Categorieën
Portugees kolonialisme

Inleiding. De Portugese bemoeienissen met Ceylon

Deel 12 Index

Hoofdstuk 1.

De Portugese bemoeienissen met Ceylon

1.0. Inleiding

Geschreven door Arnold van Wickeren

Het eiland Ceylon, het huidige Sri Lanka, was de hellenistische Grieken al bekend. Zij noemden het Taprobane, of ook wel `het land van de hyacint en de robijn’. Volgens Strabo (64/63 v. Chr.- 23 n. Chr.) was het eiland minder groot dan Groot Brittannië. Veel schrijvers hebben Ceylon vergeleken met het paradijs; sterker: zij waren er dikwijls van overtuigd, dat dit inderdaad het paradijs was. Volgens de Arabische mythologie kregen Adam en Eva Ceylon als verblijfplaats toegewezen, nadat zij uit het paradijs verdreven waren. Vandaar de naam Adam’s Bridge voor de reeks eilandjes tussen de Parelvisserskust en Ceylon, met Palk Strait in het noorden en de Golf van Manar in het zuiden. De Palk Strait worden al genoemd in het oeroude Indiase epos Ramayana, waarin de mythische held Rama zijn wonderbaarlijke avonturen beleeft. In de Ramayana staat, dat de eilandjes in de Palk Strait zijn geschapen door de god Hanuman, om koning Rama in staat te stellen naar Ceylon over te steken, waar zijn gekidnapte gemalin Sita zich bevindt. Rama trekt met een leger van mensen en apen over de stapstenen van Hanuman naar Ceylon en weet Sita te bevrijden uit de klauwen van de demonische koning van Ceylon.

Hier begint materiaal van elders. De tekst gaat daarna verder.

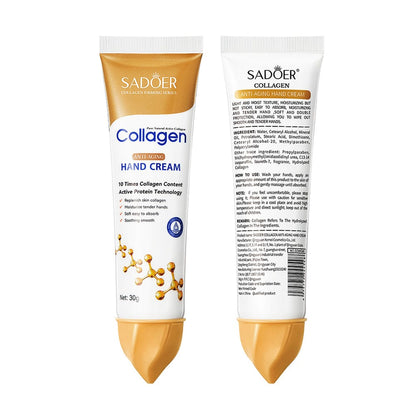 SADOER Collagen Anti-Aging Hand Cream tube, front and back view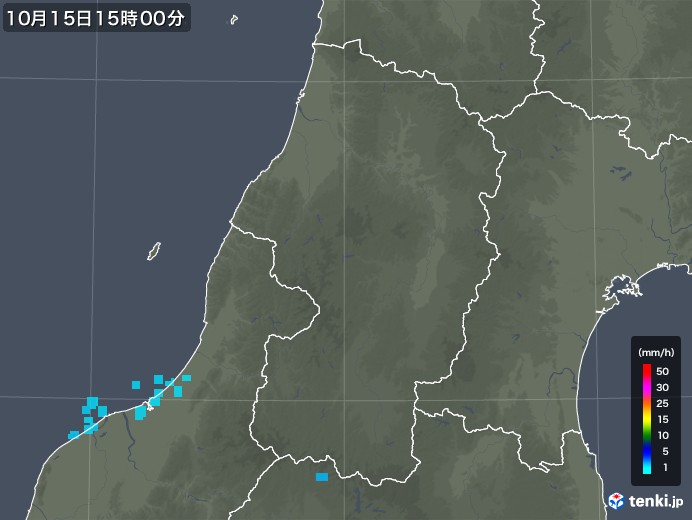 山形県の雨雲レーダー(2017年10月15日)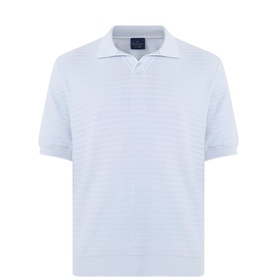 Textured Knitted Polo Shirt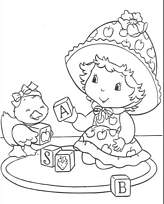 coloriage bebe charlotte aux fraises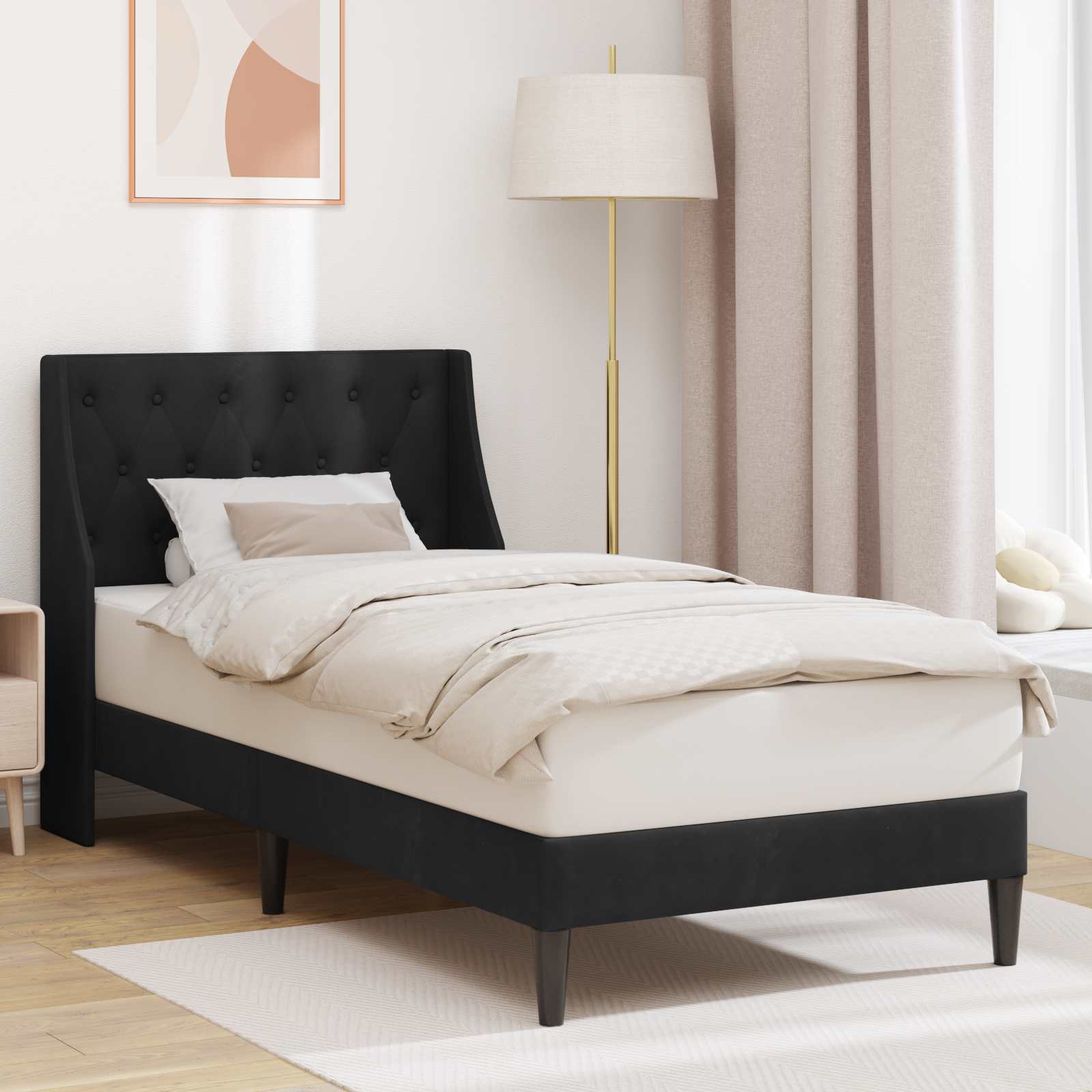 Krevetna konstrukcija s uzglavljem Crna 90 x 190 cm Baršun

Naast de Adam’s Bridge kent Ceylon ook de Adam’s Peak, een 2.500 meter hoge berg en de hoogste top van Ceylon, dat een pelgrimsoord is voor gelovigen van vier wereldgodsdiensten. De moslims geloven dat de afdruk van een reusachtige voetstap van Adam afkomstig is; de Hindoes schrijven de afdruk toe aan Shiva; de boeddhisten houden vol dat Siddartha Gautama, Heer Boeddha, in eigen persoon de afdruk heeft geplaatst. Voor de Christenen, tenslotte, is de Piek van Adam van betekenis, omdat hij bezocht zou zijn door de apostel Thomas.

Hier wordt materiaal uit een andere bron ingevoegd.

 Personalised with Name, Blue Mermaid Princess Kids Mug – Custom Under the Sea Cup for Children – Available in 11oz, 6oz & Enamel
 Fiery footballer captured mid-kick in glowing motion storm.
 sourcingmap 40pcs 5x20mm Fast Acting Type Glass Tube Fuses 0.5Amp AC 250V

Lang voordat de Portugezen Ilha de Ceilão ontdekken, is het eiland al door andere Europeanen en niet-Europeanen bezocht. Cosmas, ook bekend als Indicopleustes, een Griekse geograaf uit Alexandrië en de auteur van Topographia Christiana, was al lang voor het begin van de christelijke jaartelling verrukt van Ceylon. Hij heeft de rest van zijn leven betreurd, dat hij niet op het paradijselijke eiland is gebleven. De befaamde Chinese reiziger Fa Hien heeft, op een van zijn lange zwerftochten, tegen het einde van de 4e eeuw op het `juweleneiland’ bereikt en heeft er vele jaren doorgebracht. De Venetiaan Marco Polo heeft in 1292, op zijn reis van China naar Perzië, enige noordelijke havens van Ceylon aangedaan. Hij noemt Ceylon `mooier dan enig ander eiland op aarde.’ Hij schrijft ook over de reusachtige bloedrode robijnen die hij heeft gezien. De bewoners van Ceylon hebben Marco Polo op de mouw gespeld, dat de Boeddha in hun land geboren is en dat hij begraven ligt op de hoogste berg van het eiland. Ruim dertig jaar later verblijft de ook uit Noord-Italië afkomstige Odoric van Pordenone o.f.m. enige tijd op Ceylon. Hij zou daar een aantal inwoners hebben bekeerd en hij heeft oosterse specerijen als peper en kaneel beschreven. Mogelijk hebben zijn beschrijvingen de begeerte van de Europeanen naar deze producten gewekt.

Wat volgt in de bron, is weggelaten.